Affected users are encouraged to test the fix and report feedback.
Comment 17 Takenori Yasuda 2025-11-01 01:39:11 UTC
Tested with the following nightly build:

Version: 26.2.0.0.alpha0+ (X86_64) / LibreOffice Community  
Build ID: 620(Build:0)  
CPU threads: 8; OS: Windows 11 X86_64 (build 26100); UI render: Skia/Raster; VCL: win  
Locale: ja-JP (ja_JP); UI: ja-JP  
Calc: CL threaded Jumbo  
https://dev-builds.libreoffice.org/daily/master/Win-x86_64@tb103-1-TDF/2025-10-30_20.18.53/

The steps in comment 10 seem to be fixed.
The steps in comment 0 also appear to be fixed.
Though I’m not completely confident — it would be great if someone else could double-check.
Comment 18 Takenori Yasuda 2025-11-01 01:49:28 UTC
Additionally, I found another related behavior.
I'm not sure whether it's a different bug or a leftover case of this one.

Steps to Reproduce:
1. Type "日本".
2. Move the cursor to the beginning.
3. Switch to overwrite mode.
4. Type "にほんこく" (do not convert or confirm).
5. Alternate between pressing the Conversion (Space) and Escape keys.

Actual Results:
Before the patch: 日本国!!br0ken!!!!br0ken!!!!br0ken!!
After the patch: 日本国こくこくこく
The number of "!!br0ken!!" or "こく" repetitions depends on how many times Step 5 is repeated.

Expected Results:
Repeated alternation between "日本国" and "にほんこく" without duplication or corruption.

If this turns out to be a separate issue, please feel free to open a new report for it.
Comment 19 Takenori Yasuda 2025-11-12 04:33:37 UTC
(In reply to Takenori Yasuda from comment #17)
> The steps in comment 0 also appear to be fixed.
It seems the bug might still not be completely fixed after all.

In Step 5 of Comment 0, the bug no longer occurs when the number of entered characters matches that in Step 2. However, when I added one more character and entered "大家好", the bug reappeared.
- Actual Result: 大家好jia'hao (Before patch: 大家好!!br0ken!!)
- Expected Result: 大家好

Since Step 5 of Comment 0 says "Type more than 2 Chinese characters", this suggests that the current patch may not fully cover all cases.

Note:
For this verification, I assumed that the reporter in Comment 0 may have misunderstood Step 4. Based on that assumption, I interpreted it as follows:
- 4. Press the "Insert" key to switch to **overwrite** mode.

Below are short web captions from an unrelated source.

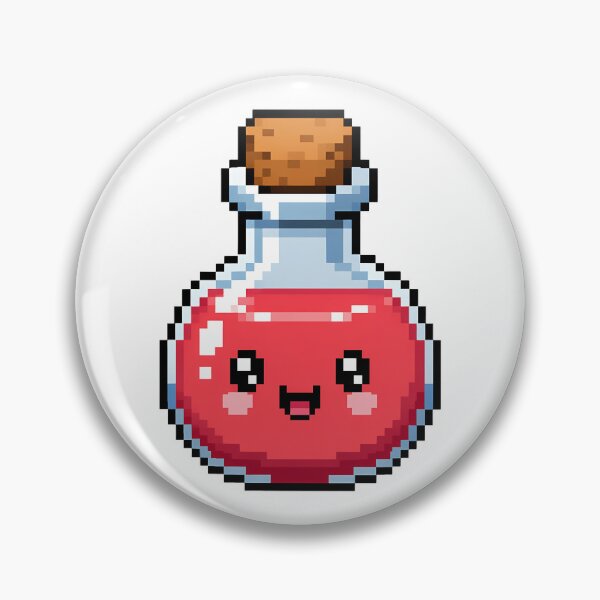 Item preview, Kawaii Pixel Art Red Potion – Cute Little Magic Elixir designed and sold by Anteverse.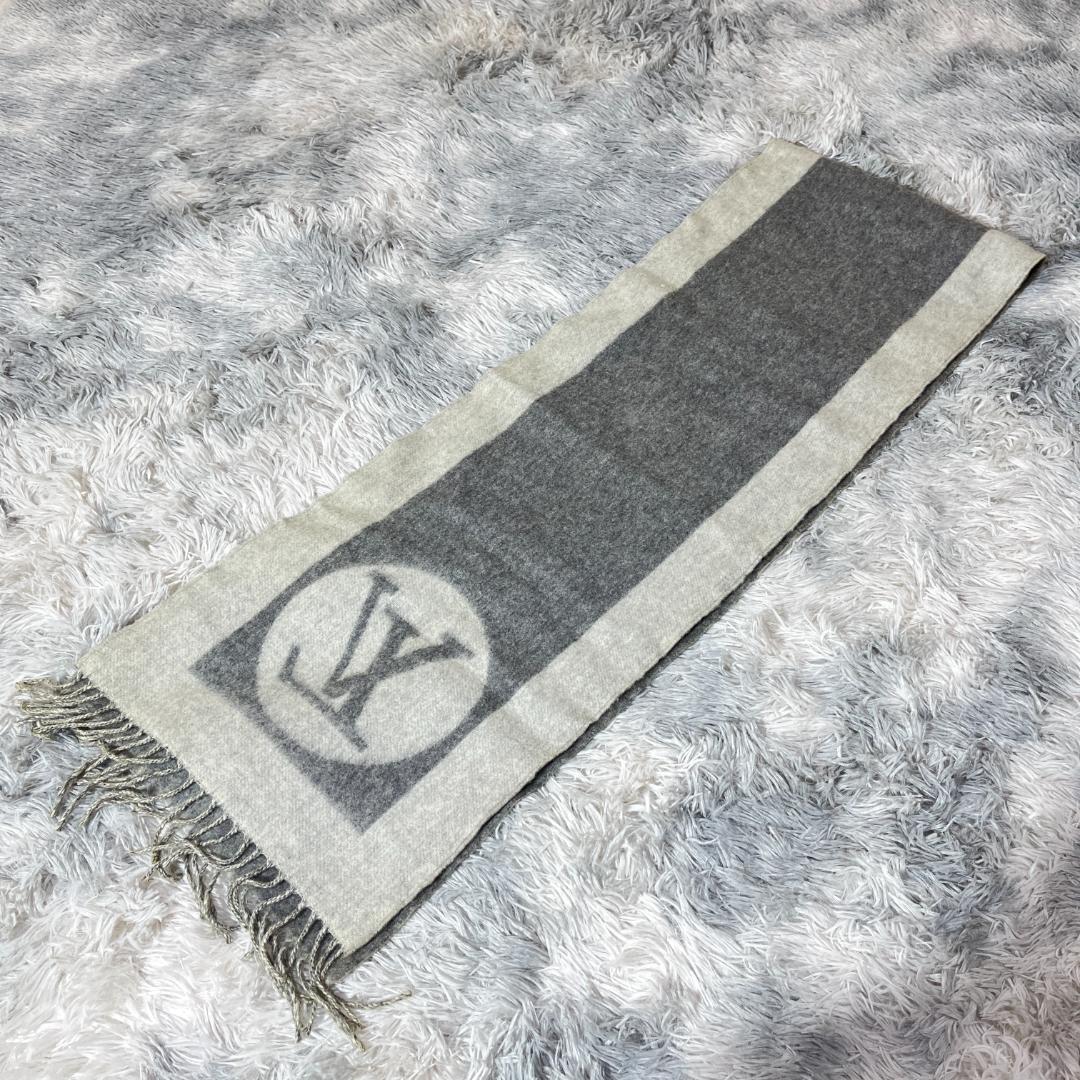 [大人気]　ルイヴィトン　マフラー　ウール　エシャルプ カーディフ LV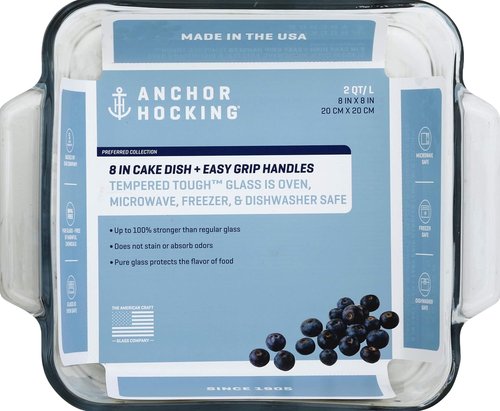 Anchor Hocking Casserole Dish - 2 Quart Clear Glass Bakeware for Versatile Cooking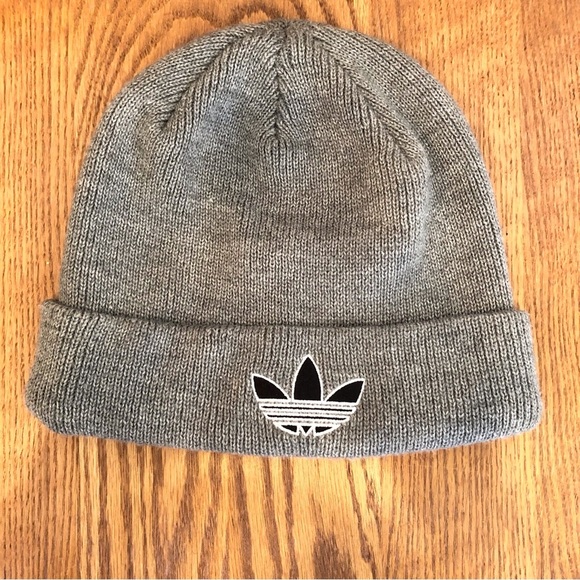 Adidas Gray Beanie - Picture 5 of 5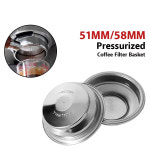 커피용품 가압 커피 이중 벽 필터 바구니 에스프레소 도구 공구 액세서리 51mm 58mm : 테리무역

If this is considered a remaining part of the same issue, please feel free to reopen this report.
Otherwise, I'll be happy to open a new one if it turns out to have a different root cause.
Comment 20 Jonathan Clark 2025-11-18 00:53:56 UTC
Thanks for testing the fix. It should be fine to handle as another instance of the same bug.